As discussed above, doping Ta5+ ions which create extra free electrons have a positive effect on transforming Ti4+ ions to Ti3+ ions, especially sintering in the N2 reducing atmosphere, the result of ultrahigh permittivity is obtained. Combining with In3+ ions, which are introduced to facilitate oxygen vacancies forming, keeping an electric neutrality of the system and forming different complex cluster-defects, including \({\text{I}\text{n}}_{2}^{3+}{\text{V}}_{\text{O}}^{{\bullet }{\bullet }}{\text{T}\text{i}}^{3+}\), \({\text{T}\text{a}}_{2}^{5+}{\text{T}\text{i}}^{3+}{A}_{\text{T}\text{i}} (A= {\text{I}\text{n}}^{3+}, {\text{T}\text{i}}^{4+}, {\text{T}\text{i}}^{3+})\) and so on.
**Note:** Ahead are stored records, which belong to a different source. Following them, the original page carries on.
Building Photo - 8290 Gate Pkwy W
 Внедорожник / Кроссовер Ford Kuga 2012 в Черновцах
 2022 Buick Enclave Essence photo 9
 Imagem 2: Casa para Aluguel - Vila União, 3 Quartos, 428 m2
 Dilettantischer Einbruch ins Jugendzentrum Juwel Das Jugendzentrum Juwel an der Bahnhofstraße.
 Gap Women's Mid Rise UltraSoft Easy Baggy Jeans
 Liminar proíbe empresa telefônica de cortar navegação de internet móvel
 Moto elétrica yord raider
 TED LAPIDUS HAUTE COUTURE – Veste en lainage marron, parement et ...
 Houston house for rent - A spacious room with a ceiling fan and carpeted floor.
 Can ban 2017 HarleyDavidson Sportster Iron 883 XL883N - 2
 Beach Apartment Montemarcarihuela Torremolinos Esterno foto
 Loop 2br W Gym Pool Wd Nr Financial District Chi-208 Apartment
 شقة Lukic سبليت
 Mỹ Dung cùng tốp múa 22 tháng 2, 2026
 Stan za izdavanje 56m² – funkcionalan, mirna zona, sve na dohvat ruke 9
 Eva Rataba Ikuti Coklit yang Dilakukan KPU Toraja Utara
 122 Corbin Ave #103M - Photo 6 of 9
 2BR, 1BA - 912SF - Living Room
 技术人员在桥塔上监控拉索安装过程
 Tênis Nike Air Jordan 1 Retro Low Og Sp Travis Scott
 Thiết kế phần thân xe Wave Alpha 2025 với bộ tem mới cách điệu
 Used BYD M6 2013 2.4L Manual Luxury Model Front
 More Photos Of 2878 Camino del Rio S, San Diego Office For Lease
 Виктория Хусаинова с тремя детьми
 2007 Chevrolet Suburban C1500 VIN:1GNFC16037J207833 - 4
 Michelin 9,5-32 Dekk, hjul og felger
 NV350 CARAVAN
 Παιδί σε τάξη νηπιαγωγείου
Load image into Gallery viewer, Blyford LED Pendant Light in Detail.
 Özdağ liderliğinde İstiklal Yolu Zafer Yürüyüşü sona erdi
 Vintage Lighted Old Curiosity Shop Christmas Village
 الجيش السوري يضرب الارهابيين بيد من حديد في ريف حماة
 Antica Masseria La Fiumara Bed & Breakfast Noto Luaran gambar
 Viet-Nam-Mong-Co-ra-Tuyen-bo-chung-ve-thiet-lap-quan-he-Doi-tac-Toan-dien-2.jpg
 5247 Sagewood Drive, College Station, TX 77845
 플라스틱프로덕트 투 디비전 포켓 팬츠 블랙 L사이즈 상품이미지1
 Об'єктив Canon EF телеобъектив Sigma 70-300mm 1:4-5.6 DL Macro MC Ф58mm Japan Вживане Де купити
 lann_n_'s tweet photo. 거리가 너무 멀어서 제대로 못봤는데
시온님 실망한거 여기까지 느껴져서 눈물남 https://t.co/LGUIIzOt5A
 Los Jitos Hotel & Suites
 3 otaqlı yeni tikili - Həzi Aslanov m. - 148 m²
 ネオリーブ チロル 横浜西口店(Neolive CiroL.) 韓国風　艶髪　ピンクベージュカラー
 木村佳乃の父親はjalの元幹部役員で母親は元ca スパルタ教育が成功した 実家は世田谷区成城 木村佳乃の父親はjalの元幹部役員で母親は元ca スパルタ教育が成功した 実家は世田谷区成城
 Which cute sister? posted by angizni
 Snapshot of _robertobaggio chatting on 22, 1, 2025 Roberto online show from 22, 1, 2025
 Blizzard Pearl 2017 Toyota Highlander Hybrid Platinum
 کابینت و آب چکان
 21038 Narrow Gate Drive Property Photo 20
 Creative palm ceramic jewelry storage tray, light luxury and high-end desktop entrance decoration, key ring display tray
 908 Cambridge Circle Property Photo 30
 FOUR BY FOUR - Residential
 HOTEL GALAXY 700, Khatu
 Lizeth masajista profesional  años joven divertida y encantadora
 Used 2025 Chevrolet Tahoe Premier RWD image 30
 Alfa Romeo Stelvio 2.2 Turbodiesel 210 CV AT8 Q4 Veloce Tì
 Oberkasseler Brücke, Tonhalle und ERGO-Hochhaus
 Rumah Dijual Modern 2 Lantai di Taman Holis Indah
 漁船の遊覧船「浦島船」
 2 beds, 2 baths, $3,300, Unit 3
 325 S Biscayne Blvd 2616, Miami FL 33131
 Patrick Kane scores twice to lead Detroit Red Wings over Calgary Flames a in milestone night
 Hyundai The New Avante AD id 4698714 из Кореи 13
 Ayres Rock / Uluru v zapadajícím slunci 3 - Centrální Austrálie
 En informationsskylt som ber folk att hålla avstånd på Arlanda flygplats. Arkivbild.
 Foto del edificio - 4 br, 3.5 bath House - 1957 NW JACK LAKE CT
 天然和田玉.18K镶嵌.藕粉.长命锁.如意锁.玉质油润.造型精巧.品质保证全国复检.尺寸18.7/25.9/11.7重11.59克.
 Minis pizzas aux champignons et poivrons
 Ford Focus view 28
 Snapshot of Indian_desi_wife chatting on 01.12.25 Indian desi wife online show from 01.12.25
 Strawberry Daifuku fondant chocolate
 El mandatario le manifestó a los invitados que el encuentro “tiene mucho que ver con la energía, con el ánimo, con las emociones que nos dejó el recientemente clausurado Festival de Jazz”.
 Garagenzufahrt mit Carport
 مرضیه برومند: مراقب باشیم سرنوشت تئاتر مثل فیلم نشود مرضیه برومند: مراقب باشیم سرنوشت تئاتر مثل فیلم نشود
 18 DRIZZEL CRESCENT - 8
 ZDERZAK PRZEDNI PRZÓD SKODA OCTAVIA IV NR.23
The moving of electrons is limited because of the various defect dipole clusters, further obtaining ultralow dielectric loss, the result is consistent with Fig. 2(a). Further in high temperature ranges, the result of ultrahigh permittivity could be related to the defect clusters are polarized. Although most of the defect clusters could not be activated at the lower temperature ranges, the localizable electrons could be polarized as well as move in a short distance, achieving an ultrahigh permittivity. As a result, the excellent dielectric properties and temperature stability should be closely connected to the localization of various complex cluster-defects, which could be originated from the EPDD.
In summary, the ITTO ceramics with dense microstructure and exceptional dielectric properties were achieved by a solid-state reaction process with N2 reducing atmosphere. At 1 kHz, it is worth promoting the ultrahigh permittivity (εr = 1.18×105) and ultralow dielectric loss (tanδ = 0.0072) in microelectronic devices. Emphatically, the temperature coefficient of the sample is calculated at 1 kHz, which has potential applications in X9D (-100°C - 235°C, Δεr/ε25°C < ± 3%) capacitor, and the excellent dielectric performances could be attributed to the EPDD. As an applicability, the excellent high temperature range above 200°C has potential requirement for the engine compartment of new energy vehicles.
Acknowledgements
The present work was supported by the National Natural Science Foundation of China (51572160), the National Key Research and Development Program of Shaanxi Province (Grant 2021GY-224), and Graduate Innovation Fund of Shaanxi University of Science and Technology.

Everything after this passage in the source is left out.